I've seen Powe listed at 6'7" and 6'8", but mostly at 6'7", which means that's probably what he is. Plus he's not nearly as strong as Brand. He could get stronger, but unless he does he won't be a high pick. Yeah, I know Brand is 6'8" and was the first pick, but that was 4 years ago, and things have changed. The NBA looks even more at potential than they did back then. That's probably one of the biggest problems with the NBA right now though, they don't care if you can play right now, only if you've got the potential to be MJ. Just because someone's athletic they'll take them high, when in reality a guy like Powe should get the nod over some skinny athletic freak who can't play, but I don't see it happening.


----------



## bender (Jul 15, 2002)

> Originally posted by <b>moTIGS</b>!
> Um, Grimes is a top 5-10 player in the 2004 class. I'm not sure what list you're looking at, but it's probably one for the 2003 class.

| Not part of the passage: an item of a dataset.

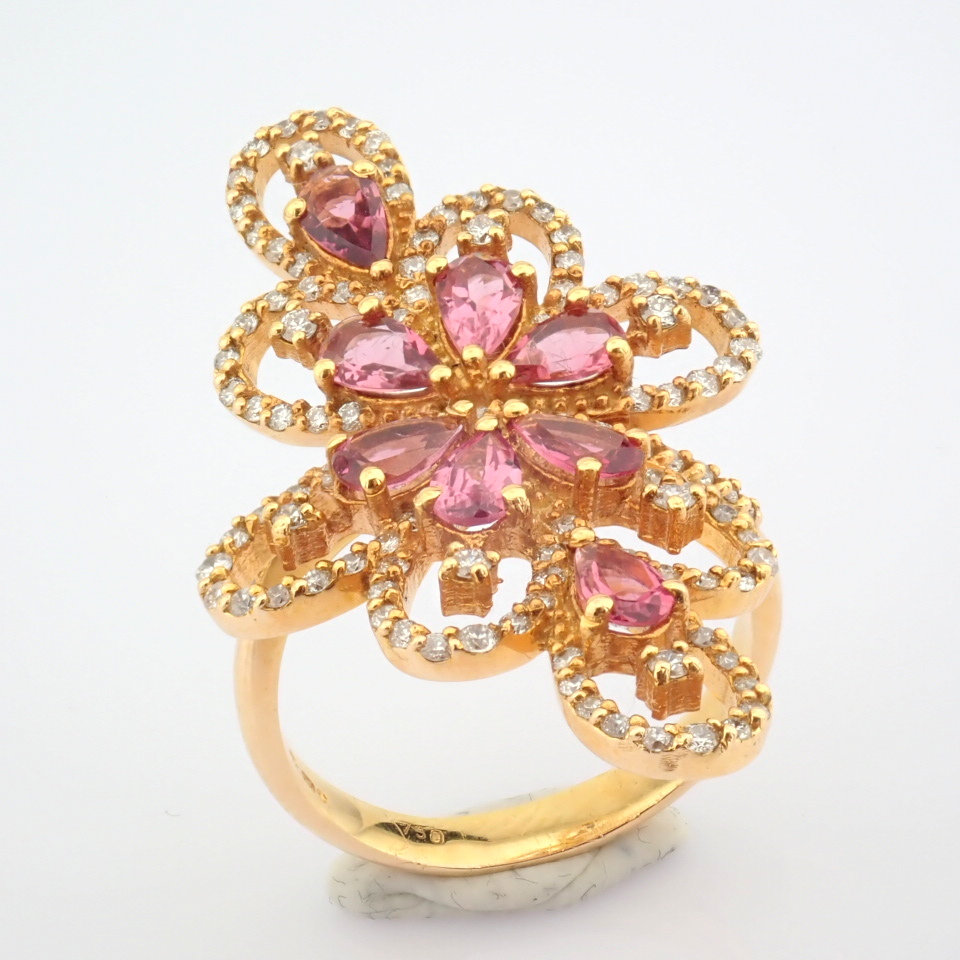 Natural Diamond 18K Rose/Pink Gold Ring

Yes, you're right. I'd look the wrong list. :shy:
But I don't think he's top5 in 2004. Basketballphenoms listed him as #25.


> Originally posted by <b>moTIGS</b>!
> Yeah, I know Brand is 6'8" and was the first pick, but that was 4 years ago, and things have changed.

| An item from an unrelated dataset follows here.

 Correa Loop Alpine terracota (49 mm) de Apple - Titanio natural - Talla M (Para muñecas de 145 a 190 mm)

Maybe you're right, but that's what this topic is about. "Who is the next Elton Brand?", not "Who is the next great PF prospect".


----------



## pharcyde (Jun 22, 2002)

Any list with Grimes at 25 in his class is just not a good list. He's at worst a top 10 player.


----------



## bender (Jul 15, 2002)

Let's make a compromise: Leon Powe and Kalen Grimes are both Elton-Brand-types of PFs. Undersized, but with power and skills to equalize this lack. And both are at least top15 prospects of their classes.


> *Courtesy of ESPN.com:*
> 
> _Kalen Grimes, sophomore, 6-8, F (Hazelwood Central H.S./Hazelwood, Mo.):_
> Speaking of Grimes, this kid is a bad, bad man. Bad as in good. This thick bodied (he's probably around 240-250 pounds) banger in the key is another Elton Brand in the making. Grimes doesn't back down from competition, makes strong takes to the bucket and he finishes plays. He competes hard, has good hands and keeps it very simple. He's going to overpower players. And there isn't much that most high school players can do about it. Grimes is a blue-collar kid, who probably will add more athleticism as he tones and defines his thick frame. This kid's for real. He plays for head coach Rich Gray's St. Louis Eagles program and don't be surprised if he continues to develop and take his game to an even higher level.


----------



## bootstrenf (May 24, 2006)

the next elton brand is.....................................................

sheldon williams.


----------



## clips_r_teh_wieners (Nov 4, 2005)

bootstrenf said:


> the next elton brand is.....................................................
> 
> sheldon williams.


omg i thought this whole thread was a joke and saw it was made in 2002. kendrick perkins WTF??? 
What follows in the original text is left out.